Poland’s place at the European table
Following the fall of communism, Poland chose quickly and resolutely to sail a European course and joined the European Union in 2004. It has the 7th largest economy among the EU’s 27 member states, and the 6th largest population and its strong economic record should translate into increasing political weight within the EU. In fact, under PM Donald Tusk, Poland has adopted a staunchly pro-European stance with the aim of turning Poland into a key European decision maker. This does not only mark a departure from the previous government’s position, it makes Poland also much more European oriented than Hungary or the Czech Republic, for example. The eventual adoption of the euro would emphasize Poland’s position at the centre of Europe, though joining the battered single currency will not happen before 2015 – no official target has been set yet. Also, the Polish public opinion is currently not in favour of adopting the euro, which should not be a surprise.

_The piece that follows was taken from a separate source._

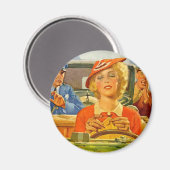 seitlich magnet (Vorderseite/Rückseite)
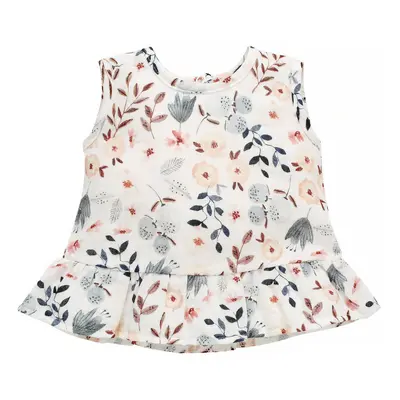 Pinokio Kids's Summer Garden Vest /Flowers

Warsaw has been careful over the past year not to fall in Europe’s ‘second league’ as it has moved anxiously to ensure that Warsaw would not be among the outsiders in case of a reinforced Eurozone. Despite being heavily criticized by the conservative opposition, the Polish government
plans to participate in the Fiscal Compact, the enhanced European supervision of public finances.
With Poland now tightly embedded in European structures, the traditional suspicious stance towards Russia has shifted slowly towards more pragmatic relations. With Germany, its natural enemy of the past, Warsaw enjoys increasingly good relations. The country is steadily becoming for Germany’s east what France is to its west: a natural, indispensable economic and political partner.
Economic performance during crisis years
When the crisis arrived late 2008, Poland was still growing strongly following its 2004 EU accession. The country was the only in the EU to avoid recession in 2009. A combination of luck and sound policy-making was helped by a lower importance of exports towards Western Europe given the large domestic market, healthy corporate and household balance sheets and a strong banking system. During 2009 Warsaw executed substantial stimulus to keep the economy going. Since the end of 2008, the Polish GDP has grown by more than 10% thanks to strong consumer spending and steady exports to countries like Germany, with Poland becoming increasingly integrated into the German supply chain.
Over 2011, Poland’s GDP grew by a robust 4.3%. While holding up quite well in comparison to other countries in Central and Eastern Europe (CEE), Poland is evidently not immune for the Eurozone turmoil. Following resilient data at the beginning of 2012, economic indicators have deteriorated somewhat lately with especially industrial production weakening. Nevertheless, the central bank raised its benchmark interest rate in May as inflation runs at about 4%, compared to a target rate of 2.5%. A slowdown in construction would be little surprising as many public investment projects were driven by the approaching Euro 2012. While down from last year, with a growth forecast of 2.7%, Poland will still outpace the rest of Europe. Domestic demand remains the main growth driver, but the focus is expected to shift further from consumption to investment: as Polish companies have been hitting capacity limits, investment has been rising.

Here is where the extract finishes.